• Exercise objective:
Produce the lines from the one containing "playing Minecraft with my friend! - YouTube" through the end of the material exactly as they appear, both ends included, and leave the pictures out.

• Recorded data:
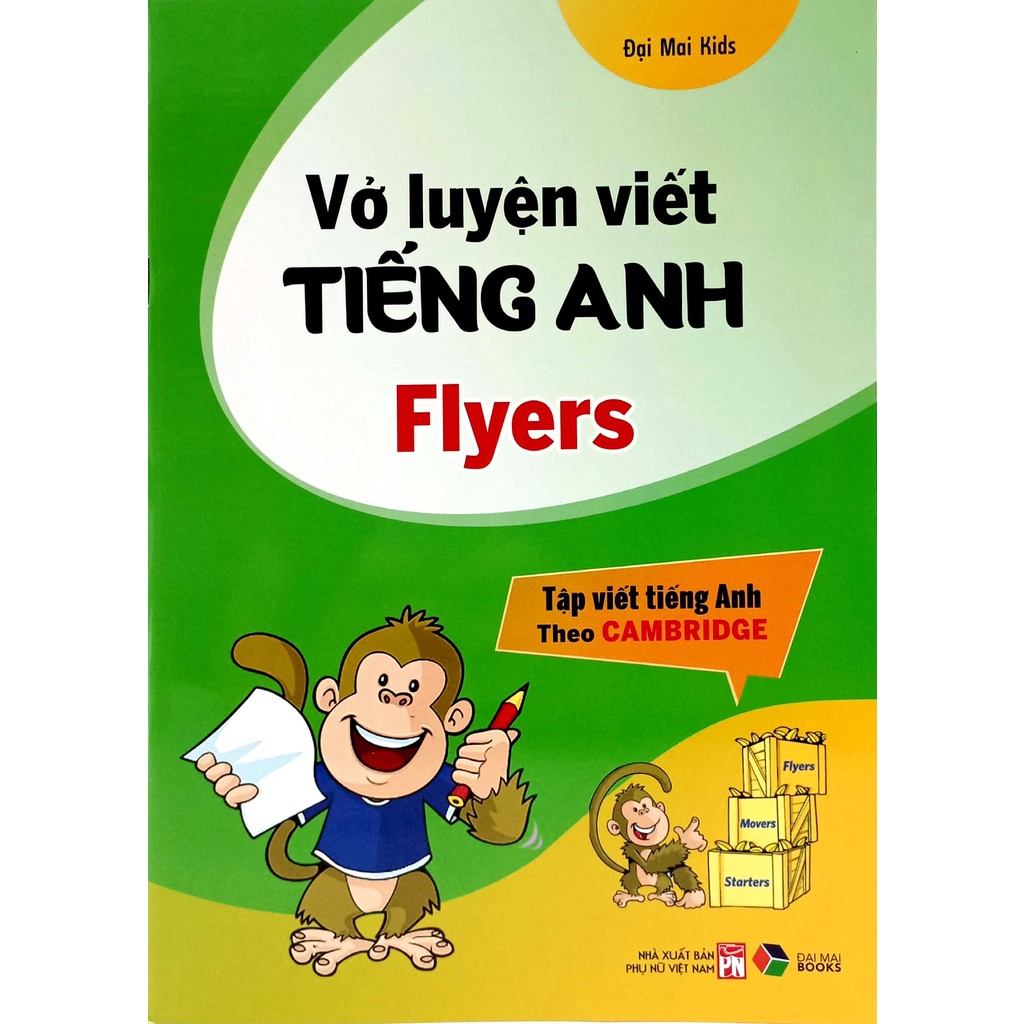 Sách Vở Luyện Viết Tiếng Anh Flyers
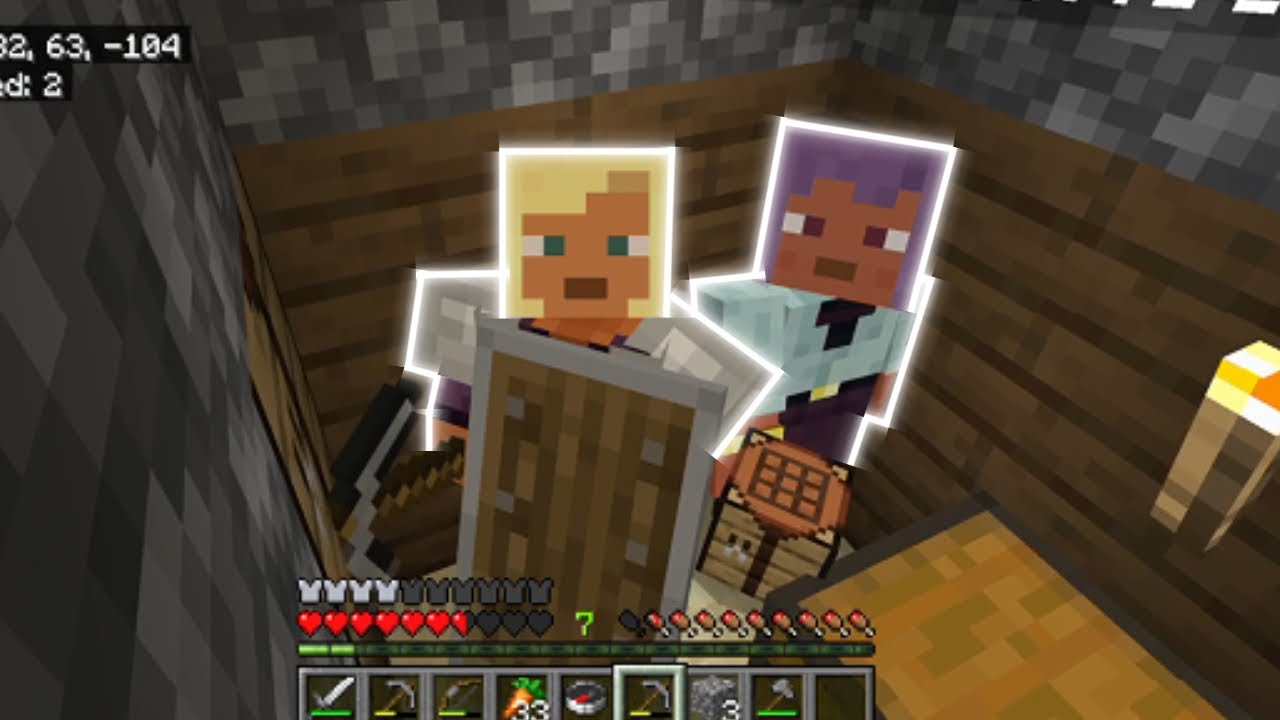 playing Minecraft with my friend! - YouTube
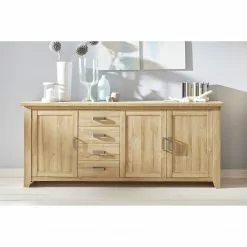 Trendteam Sideboard Canyon - Alteiche Dekor -Büromöbel Verkaufsgeschäft sideboard canyon alteiche dekor 219 cm 4808708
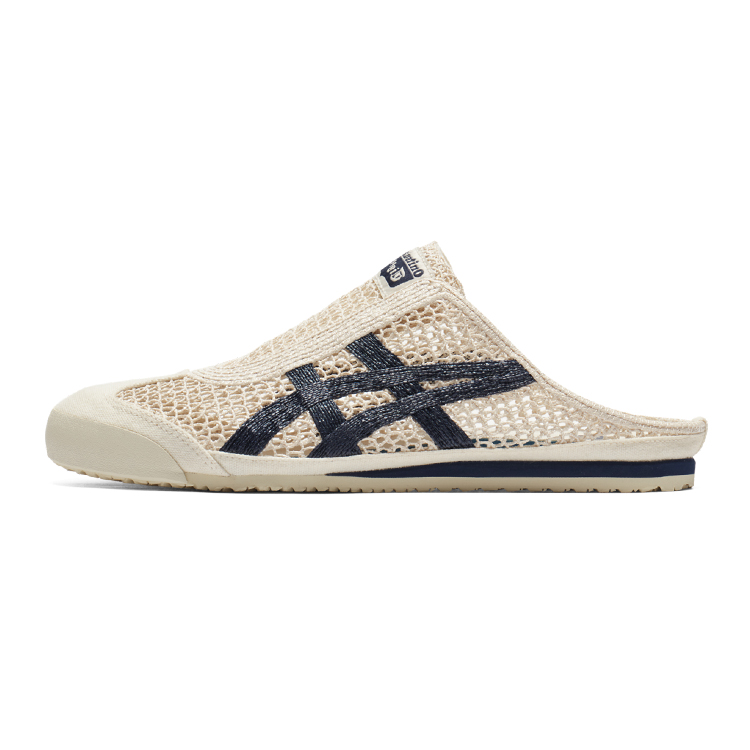 Мексика 66 Сабо Берч Бушлат Onitsuka Tiger, Beige/Dark Blue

• Task answer:
 playing Minecraft with my friend! - YouTube
 Trendteam Sideboard Canyon - Alteiche Dekor -Büromöbel Verkaufsgeschäft sideboard canyon alteiche dekor 219 cm 4808708
 Мексика 66 Сабо Берч Бушлат Onitsuka Tiger, Beige/Dark Blue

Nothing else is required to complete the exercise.